### Supplied information
┌────────

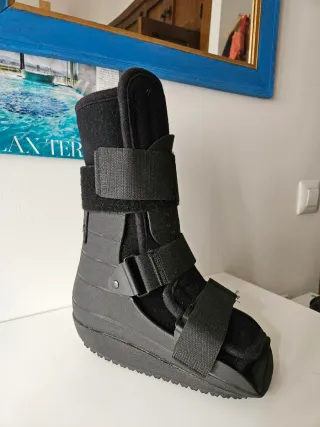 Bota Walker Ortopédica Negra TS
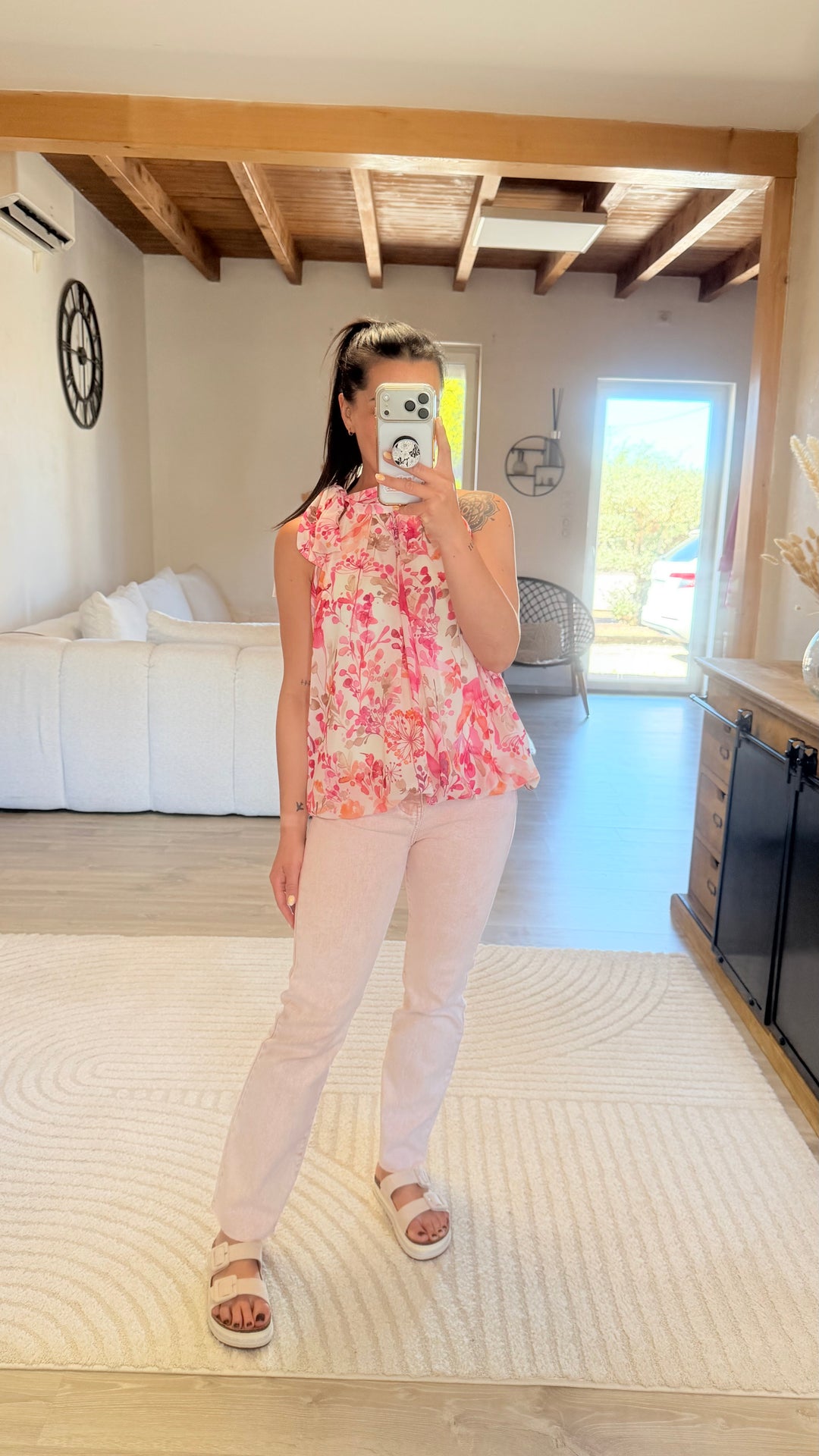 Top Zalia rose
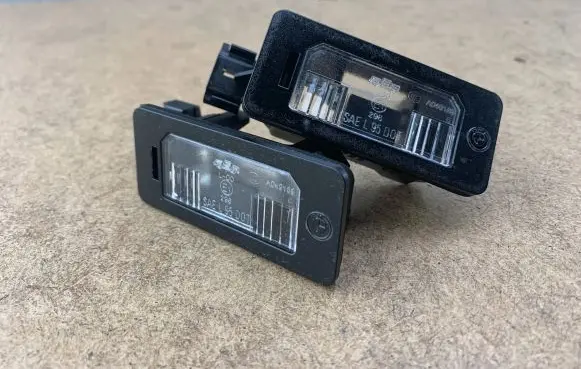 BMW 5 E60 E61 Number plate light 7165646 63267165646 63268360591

└────────

Find the line holding "Top Zalia rose" in the data above. Retype it and every later line exactly, through the end, but not the pictures.

### Exercise answer
 Top Zalia rose
 BMW 5 E60 E61 Number plate light 7165646 63267165646 63268360591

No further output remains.